All of lore.kernel.org
 help / color / mirror / Atom feed
From: Toshi Kani <toshi.kani@hpe.com>
To: tglx@linutronix.de, mingo@redhat.com, hpa@zytor.com, bp@suse.de,
	dan.j.williams@intel.com
Cc: ross.zwisler@linux.intel.com, vishal.l.verma@intel.com,
	micah.parrish@hpe.com, brian.boylston@hpe.com, x86@kernel.org,
	linux-nvdimm@lists.01.org, linux-kernel@vger.kernel.org,
	Toshi Kani <toshi.kani@hpe.com>
Subject: [PATCH v3 1/2] x86/lib/copy_user_64.S: cleanup __copy_user_nocache()
Date: Thu, 11 Feb 2016 14:24:16 -0700	[thread overview]
Message-ID: <1455225857-12039-2-git-send-email-toshi.kani@hpe.com> (raw)
In-Reply-To: <1455225857-12039-1-git-send-email-toshi.kani@hpe.com>

Add comments to __copy_user_nocache() to clarify its procedures
and alignment requirement.

Also change numeric branch target labels to named labels.  The
labels begin with ".L" and prefix "cun" (Copy User Nocache) to
keep them local and unique to the function.

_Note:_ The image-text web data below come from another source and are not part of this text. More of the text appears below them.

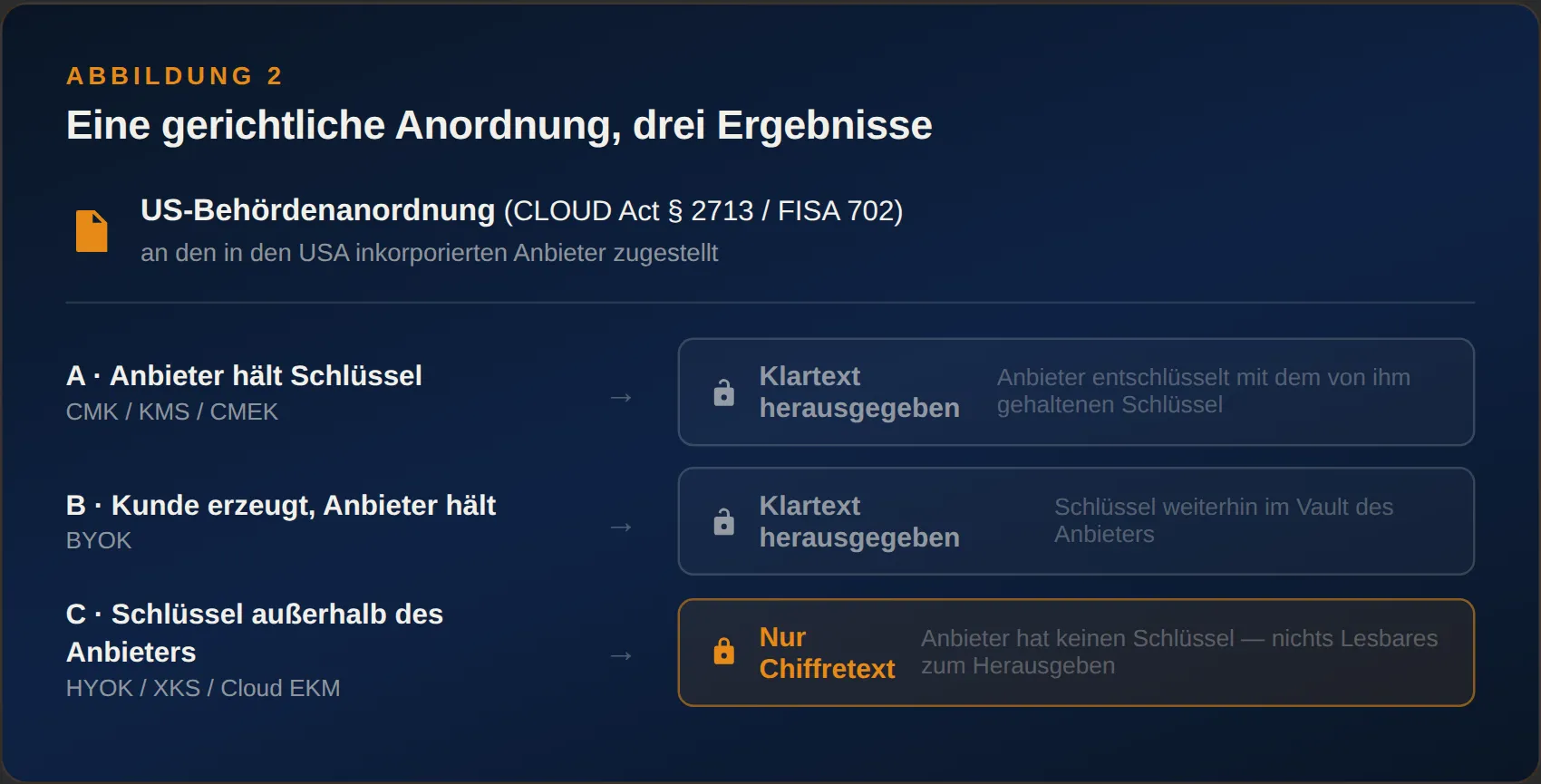Abbildung 2 — Eine gerichtliche Anordnung, drei Ergebnisse. Bei anbietergehaltenem Schlüssel (CMK oder BYOK) kann der Anbieter zur Entschlüsselung und Herausgabe des Klartexts gezwungen werden. Liegt der Schlüssel in einem kundenbetriebenen HSM (HYOK / XKS / Cloud EKM), kann der Anbieter nur Chiffretext herausgeben.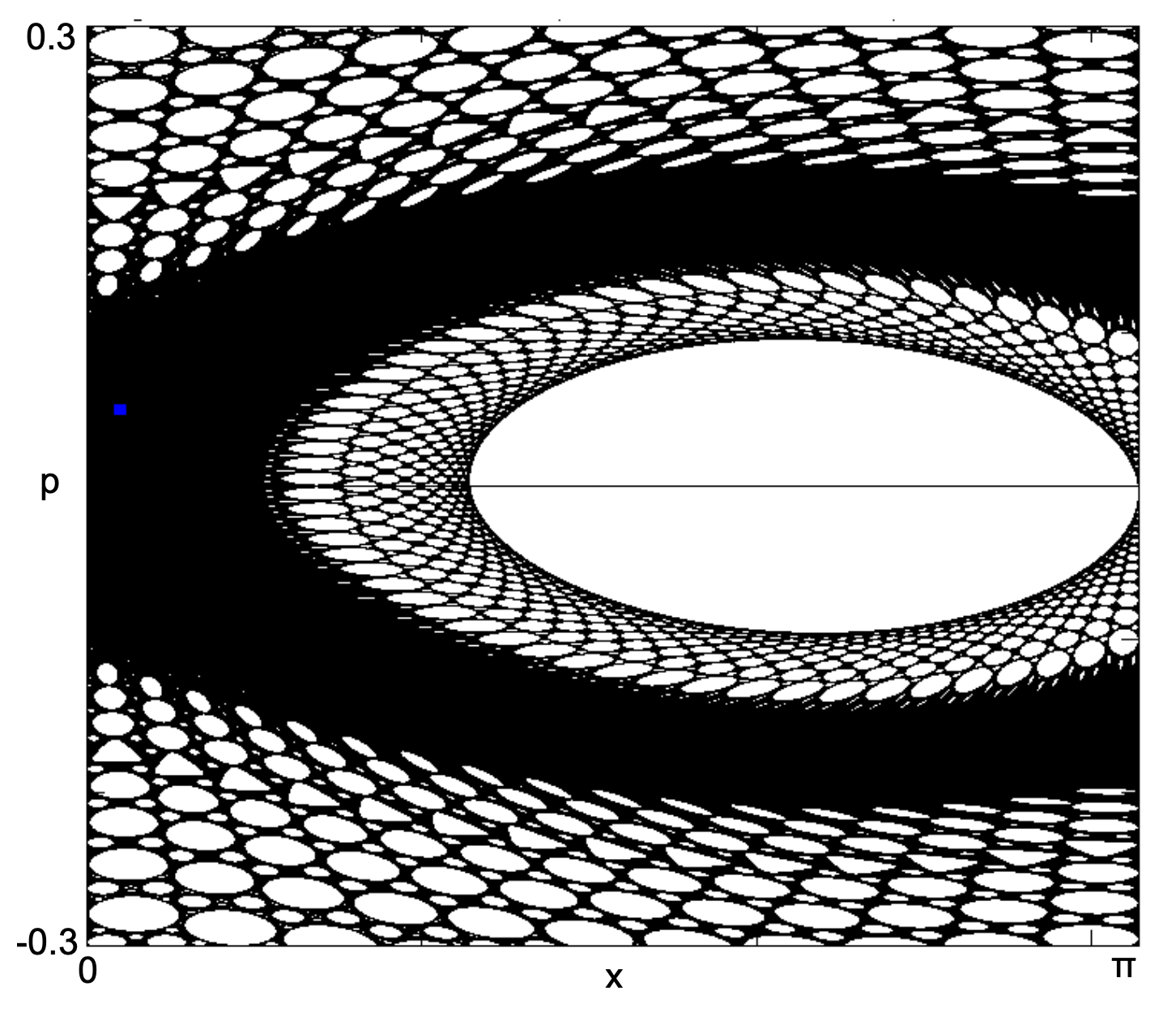 chaos_KPIP-1
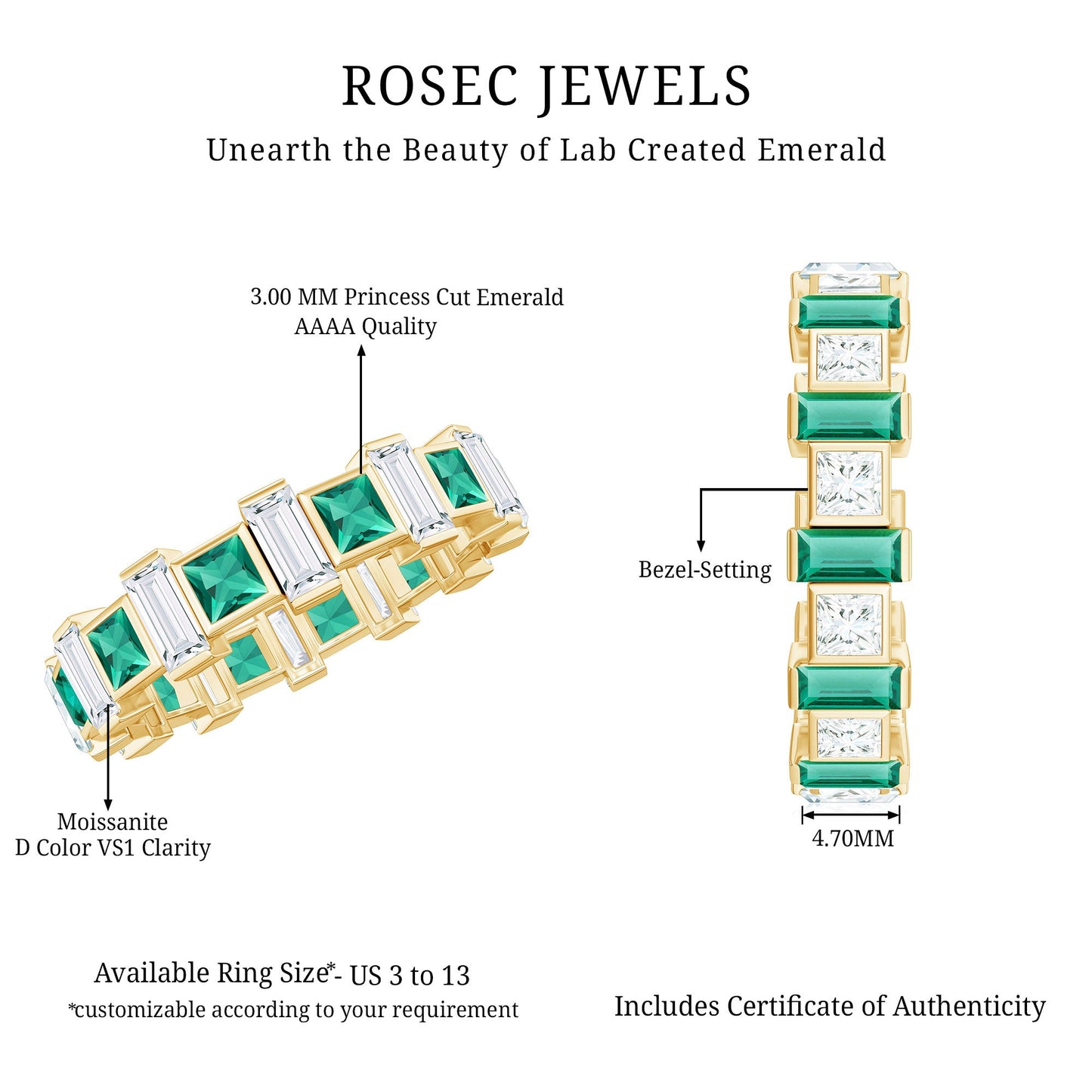 Certified Bezel Set Lab Grown Emerald Eternity Wedding Band with Moissanite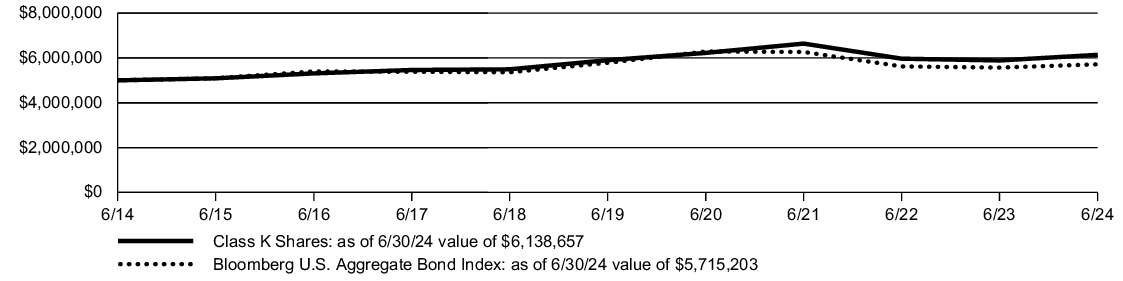 Fund Performance - Growth of 10K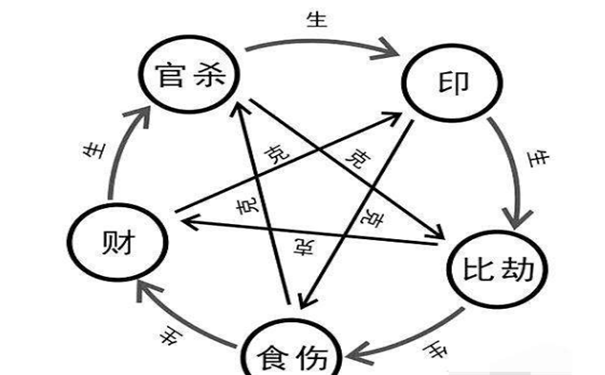 生肖看另一半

Signed-off-by: Toshi Kani <toshi.kani@hpe.com>
Cc: Thomas Gleixner <tglx@linutronix.de>
Cc: Ingo Molnar <mingo@redhat.com>
Cc: H. Peter Anvin <hpa@zytor.com>
Cc: Borislav Petkov <bp@suse.de>
---
 arch/x86/lib/copy_user_64.S |  114 ++++++++++++++++++++++++++++---------------
 1 file changed, 73 insertions(+), 41 deletions(-)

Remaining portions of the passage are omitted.